I was once in a situation, when someone was calling me foul names. Not in the sense of being derogatory, but in the sense of fear-mongering. "You're probably a thug/crook/gun-toting menace/etc." While I was aware that the fear was driven by the media portrayal of my race, and the person's lack of experience and thought towards the situation... I also knew something else, that motivated my response.
When dealing with people who call me names lightheartedly, I occasionally pretend to be that slur to give them an understanding of what I would be like, if I were really that way. For instance, when called "retarded", I might decide follow you where-ever you're going, while dragging my "bad" leg and drooling/making noises with the official retard face. If we're in a car, I will hang out of the window, with that same face, screaming at people who are jogging or waiting on the city bus. If on a bus, I will rock back & forth obnoxiously, talking to you and making you look like an ass, when you try to get away from me.

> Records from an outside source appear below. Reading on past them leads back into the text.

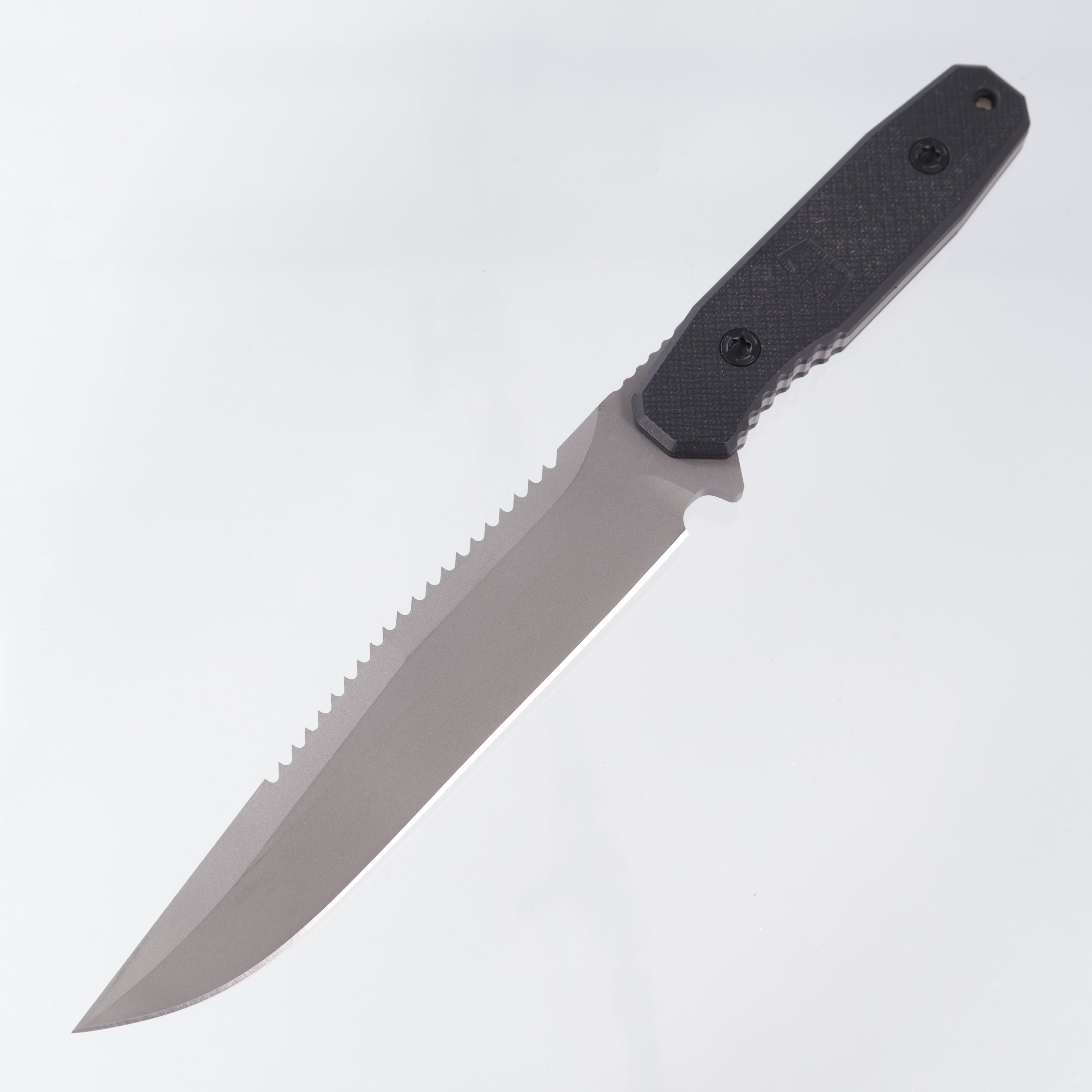 Blackside Customs - Rogue 1 - Greymatter Magnacut w/ Sawtooth Spine - Black G10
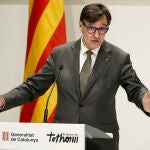 El presidente de la Generalitat de Cataluña, Salvador Illa
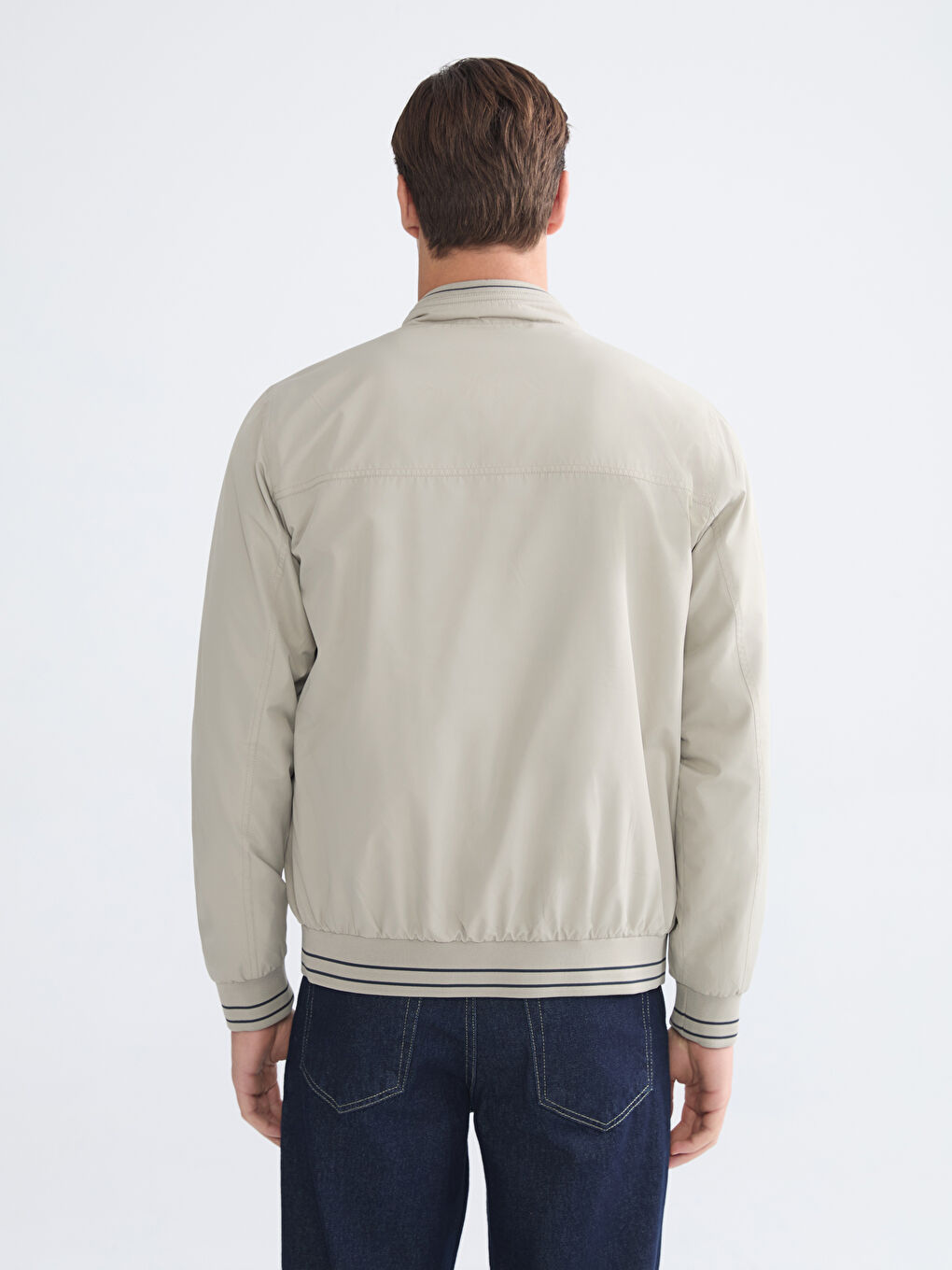 İndigo Standart Kalıp Dik Yaka Erkek Mont-12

It isn't that the names bother me, I just personally see it as a legitimate opportunity to act out in public.
The way I make my decisions with people, is quite simple; I go by the rules of nature that I see able to be directly applied. In this case, self-preservation is a big and very well-known factor in how one makes decisions. Depending on how secure or insecure one feels, it is able to be told how one's emotions will influence their current behavior in situations interpreted as lacking security. Therefore, the situation made no sense to me. "You don't mean the words that you say. You can't. If you did, you'd be saving these words for when you were in safer conditions. You don't really believe I'm going to rob or hurt you."
I got silence, afterwards. Go figure, eh?
I don't get offended often, b/c of this. If your friends pick at you, they can't genuinely dislike you simply b/c they consider you to be a friend. If they do genuinely mean to harm you, they are not worth the negative energy it'd take to legitimately hurt them. I say that, while considering the limitations they've already placed on themselves. When one believes they are alone in the world, that is one thing. When one believes that they are alone in the world, and that everyone else is out to hurt them... That is a painful mindset to carry. When dealing with strangers, I simply return the energy given.
It is by self-preservation that we survive, and it is by self-preservation that we sin.
This is what makes life so complicated, and yet so simple.